● Given data:
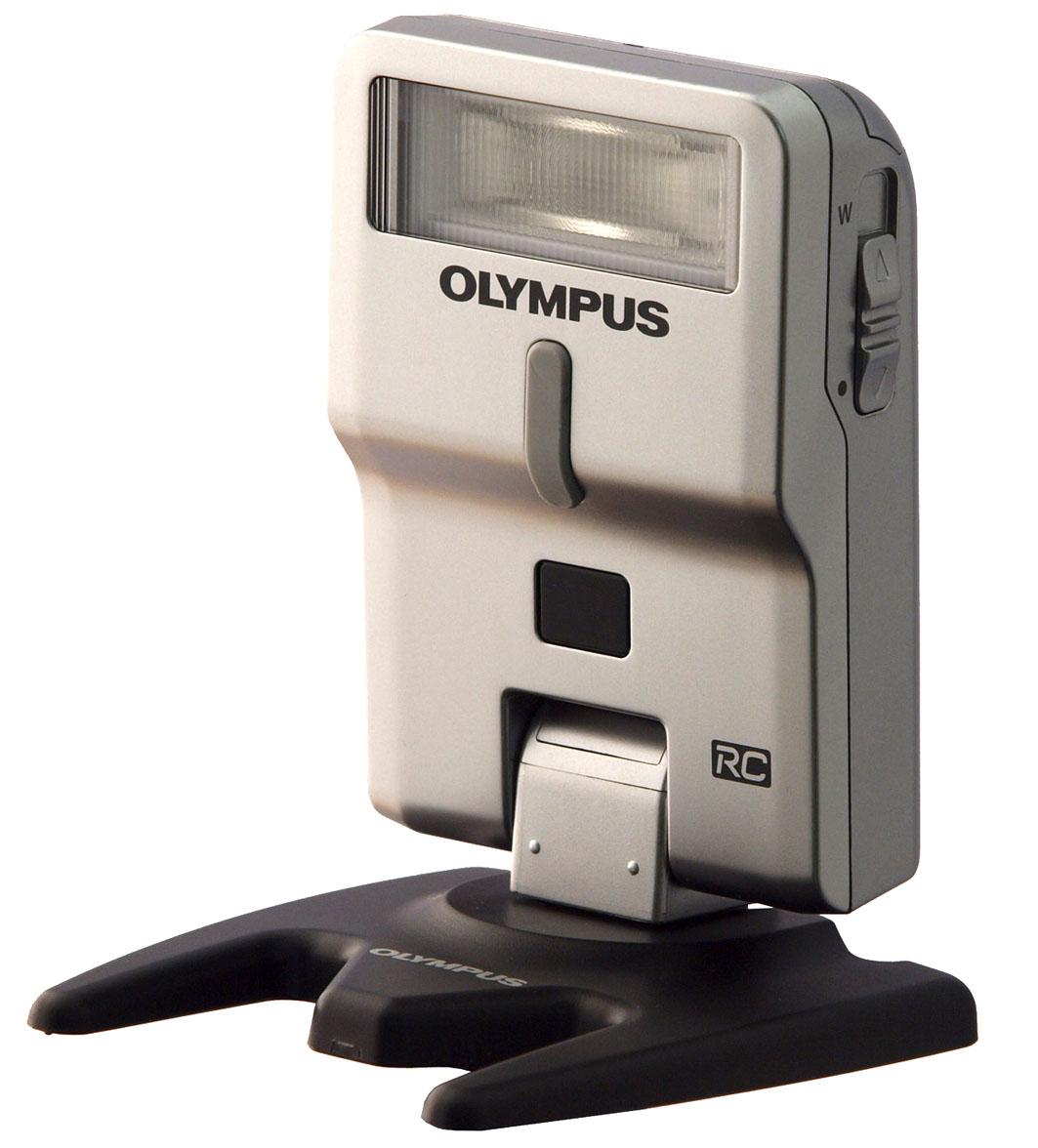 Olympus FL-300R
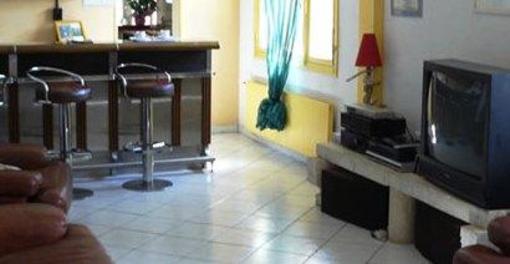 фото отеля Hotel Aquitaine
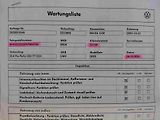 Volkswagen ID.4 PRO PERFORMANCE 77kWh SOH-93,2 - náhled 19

● How to complete this task: Restate the whole listing above exactly, please, omitting every image.

● Written answer:
 Olympus FL-300R
 фото отеля Hotel Aquitaine
 Volkswagen ID.4 PRO PERFORMANCE 77kWh SOH-93,2 - náhled 19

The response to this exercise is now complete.